You can soak the dowel rod to to keep the wax from permanently sticking to it.

-Tim


----------



## JohnBeeMan (Feb 24, 2004)

Tim.
I know about soaking the wooden dowel in water. But I think the initial question was what about other materials for the rod.


----------



## Joseph Clemens (Feb 12, 2005)

Seems like other materials, especially plastic (which is waterproof), would be entirely unsuitable since one of the most important parts of the process is to remove the wax, intact from the mold and then to reuse the mold for the next cup. Wood does this extremely well, when you keep it internally damp.


----------



## yoyo (Jun 13, 2007)

ok, so what is the diameter if making a wooden dowel dipper? I assume a nice bullet shape(9mm) taper at the end is needed.


----------



## bksss (May 16, 2007)

*Wax cups*

I tried this and was able to make cups. Last summer was my first year working with honey bees so I did not get a chance to use them,

http://video.google.co.uk/videoplay?docid=-49891567890517190


----------



## Bizzybee (Jan 29, 2006)

Nice job bk! No doubt that will help some folks out to see your vid.


----------



## Michael Bush (Aug 2, 2002)

>'What is best type of wax to use for making queen cups'?

Clean white wax.

http://www.bushfarms.com/beesqueenrearingsimplified.htm#DippingCells


----------



## WVbeekeeper (Jun 4, 2007)

yoyo said:


> ok, so what is the diameter if making a wooden dowel dipper? I assume a nice bullet shape(9mm) taper at the end is needed.

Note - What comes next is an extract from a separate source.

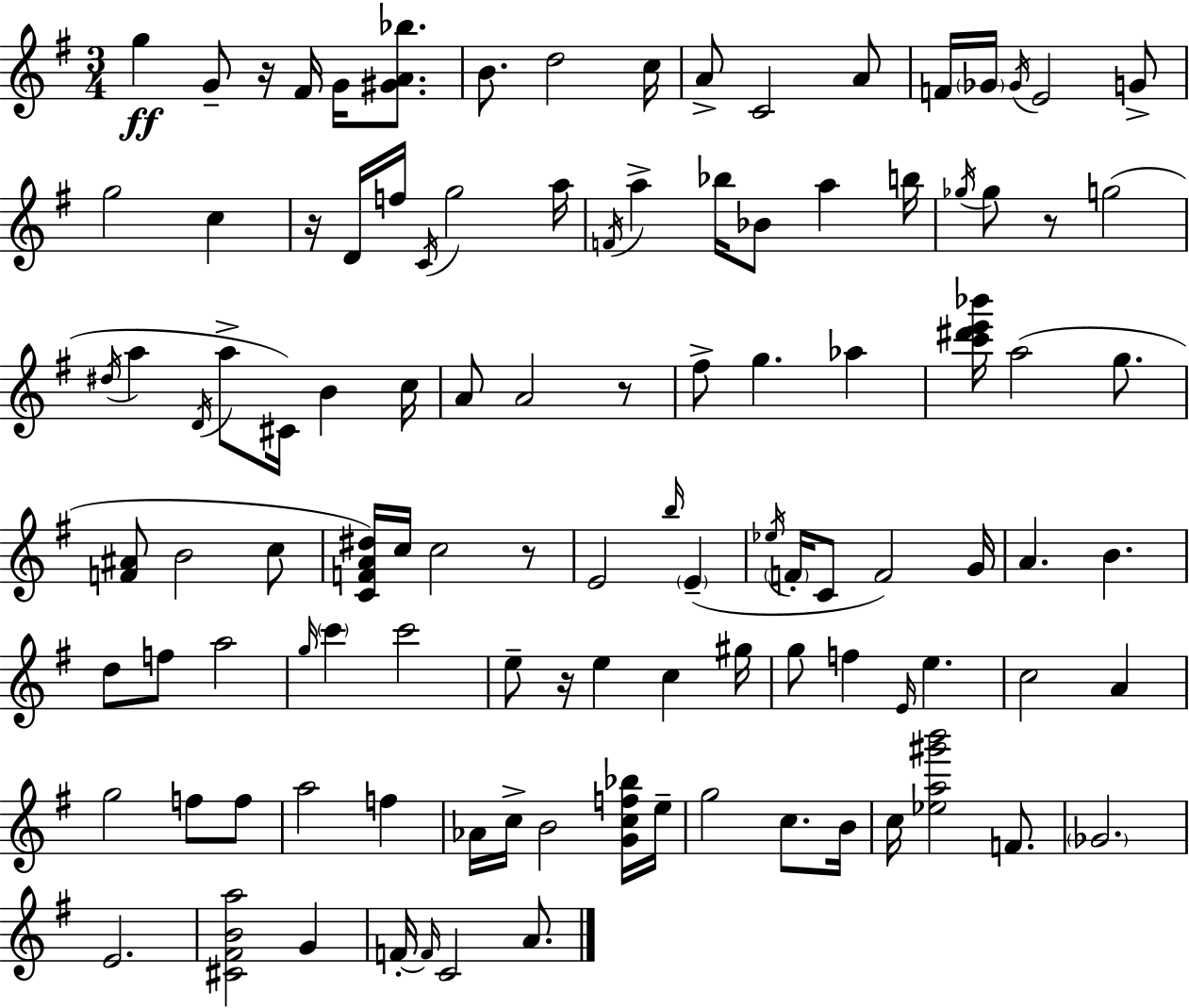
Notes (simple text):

G5/q G4/e R/s F#4/s G4/s [G#4,A4,Bb5]/e. B4/e. D5/h C5/s A4/e C4/h A4/e F4/s Gb4/s Gb4/s E4/h G4/e G5/h C5/q R/s D4/s F5/s C4/s G5/h A5/s F4/s A5/q Bb5/s Bb4/e A5/q B5/s Gb5/s Gb5/e R/e G5/h D#5/s A5/q D4/s A5/e C#4/s B4/q C5/s A4/e A4/h R/e F#5/e G5/q. Ab5/q [C6,D#6,E6,Bb6]/s A5/h G5/e. [F4,A#4]/e B4/h C5/e [C4,F4,A4,D#5]/s C5/s C5/h R/e E4/h B5/s E4/q Eb5/s F4/s C4/e F4/h G4/s A4/q. B4/q. D5/e F5/e A5/h G5/s C6/q C6/h E5/e R/s E5/q C5/q G#5/s G5/e F5/q E4/s E5/q. C5/h A4/q G5/h F5/e F5/e A5/h F5/q Ab4/s C5/s B4/h [G4,C5,F5,Bb5]/s E5/s G5/h C5/e. B4/s C5/s [Eb5,A5,G#6,B6]/h F4/e. Gb4/h. E4/h. [C#4,F#4,B4,A5]/h G4/q F4/s F4/s C4/h A4/e.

9mm is what I've read. if you look in a natural queen cup they appear to be more spherical on the inside than bullet shaped.


----------



## TwT (Aug 5, 2004)

I think I use 5/16 dowel rod rounded off on the end, after making one at a time for a while, I went and and cut a small block of wood , drilled holes in it and mounted 6 of these rods, looked like a brush, worked fine just had to make sure you lowered it evenly, 6 cups at a time then..


----------



## honeyman46408 (Feb 14, 2003)

TwT said:


> I think I use 5/16 dowel rod rounded off on the end, after making one at a time for a while, I went and and cut a small block of wood , drilled holes in it and mounted 6 of these rods, looked like a brush, worked fine just had to make sure you lowered it evenly, 6 cups at a time then..


I saw one kinda like that but it had 5/16" SS bolts rounded off and 15 on 1" wide steel bar and they dipped 15 at a time also they set the cups on a wooden bar after the cups were finished and spooned hot wax around the cups fastining them to the bar then after diping in water they pulled the bolts out of the wax and it was ready to graft in and put into the clell builder 15 @ a time.


----------



## ian m davison (Jan 21, 2007)

*Rubber cell former*

Hi all

https://secure.thorne.co.uk/cgi-bin...spage&THISPAGE=page22.html&ORDER_ID=192752326


Regards Ian


----------



## fat/beeman (Aug 23, 2002)

*cell cups*

if you want to make lot of cell cups use a dowel rod of right size 5/16 or 3/8 put 3 rows of 5 soak them in water 15 minutes before starting. I use 5/16 for small cell queens. hope this will help you.
Don


----------



## tecumseh (Apr 26, 2005)

if I had a 'plastic' cell making dowel I would likely try pam as a release agent.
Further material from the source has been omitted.